Once they have to stop for even a few days, particularly with defensive lines before them, it will probably cause a halt in the progress from that breakthrough. They no longer know if the enemey is on the run or has stopped and used the time to re-entrench. Whether the enemy has been reinforced and resupplied, since they are now closer to their home. The advancing units are at the same time themselves weaker. Their supplies are running low, their vehicles are in poorer condition and there are probably far fewer of them then when they started, their ranks are thinner, and they are probably more fatigued. Even in that state they might be in better shape than the enemy. But once they stopped for a few days they no longer know that for sure.

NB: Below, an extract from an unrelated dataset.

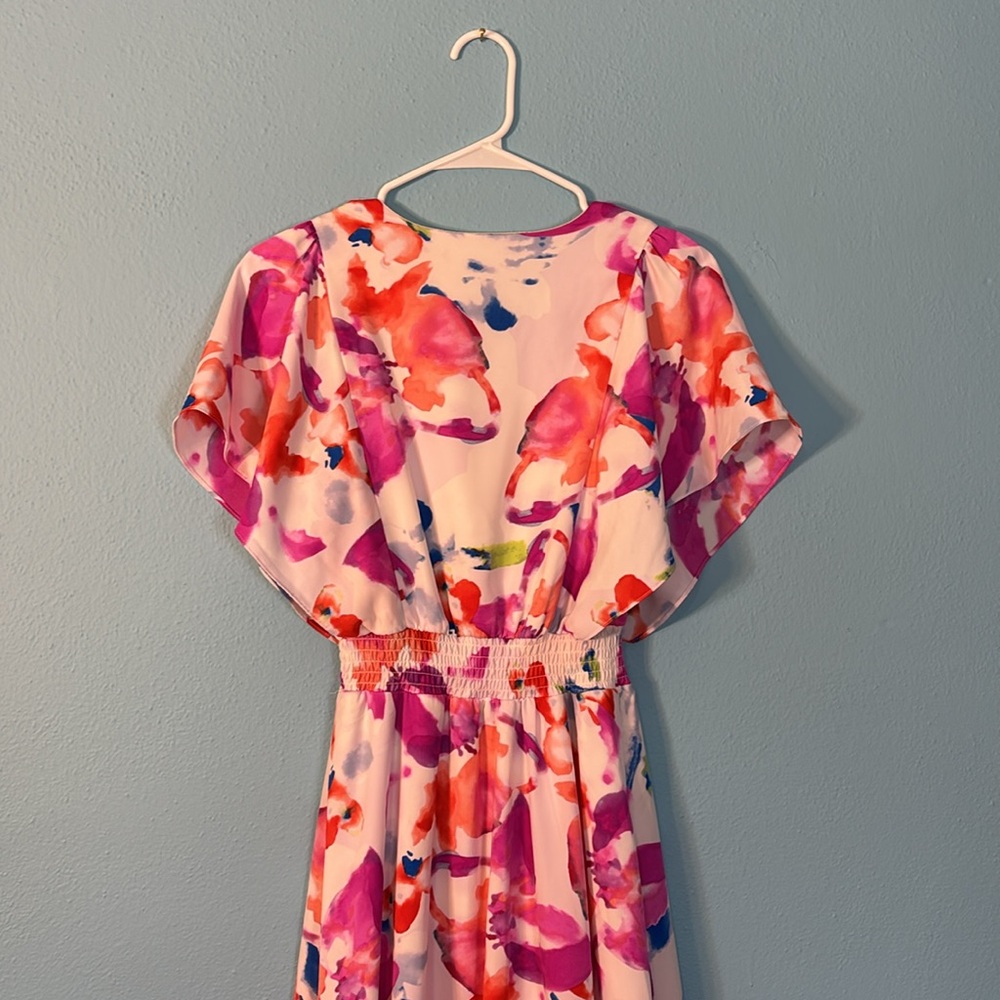 DKNY Vibrant Floral High Low Smocked Waist V Neck Flutter Sleeve Floral Dress 2 - Picture 8 of 10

And the Allies starting running low and progressing only in fits and starts about the same time they had got to the Seigfried Line/West Wall/German Border, the most natural place for the Wehrmacht to stop its retreat and start again digging in to form a new (and somewhat prepared) defense line.

It is completely natural, and often wise, to pause, refit, reinforce and resupply for a new offensive, particularly if you are the allies and will be stronger when refit than the Wehrmacht will be when it has done its best to resupply.
13 Apr 2015, 15:17 PM
#59
avatar of coh2player

Posts: 1571

Operational art is accomplishing what you can with the resources at hand. IIRC the Allies in Normandy did not have a supply flow that was less than the Wehr in Barbarossa.

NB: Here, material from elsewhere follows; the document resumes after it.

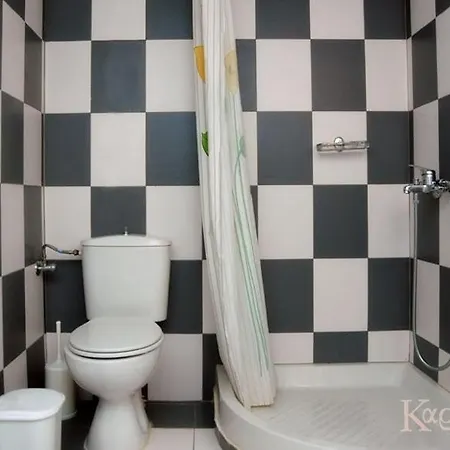 Karyatides Apartment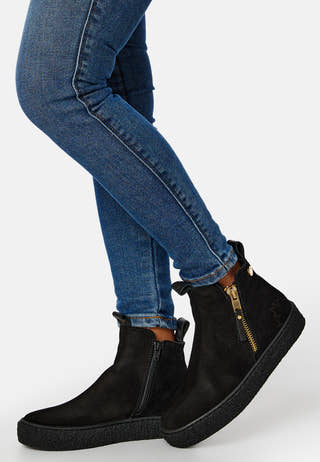 Mount V. Zip Boots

Barbarossa and Case Blue was also made in phases and with great logistical problems. However, the advances were more impressive, as well as the operational victories. The Germany army in the West was very much a third-rate force- the Wehr had no operational capability of real substance in WW2 since July. 1943.

This extends past the issue to supply and into the asset utilization of the combat forces along with the nature of the command cadre.

The politically incorrect complaint (like popular history Hastings or Ellis (brute force) has in his books) is that the W.Allies expended ammo & fuel too lavishly and attacked in too crude & conservative of a manner, generally by thrusting with heavy firepower expenditure without enough tactical envelopment.

The counterargument often invoked..(the soviets have their own as well) is the theory of 'tactical densities'. This claims that the Germans were too densely packed to allow sophisticated maneuver. I personally think this argument does not hold much ground at all.
13 Apr 2015, 15:35 PM
#60
avatar of Zyllen

Posts: 770

The article is " excuse my language " shit. It says it debunks myths but gives no proof. According to the numbers the axis/allied ratio for tanks was around 1:3 .

So the Germans did something right. And before you say something is debunked you first need to explain the reason why the allies suffer a 1:3 ratio.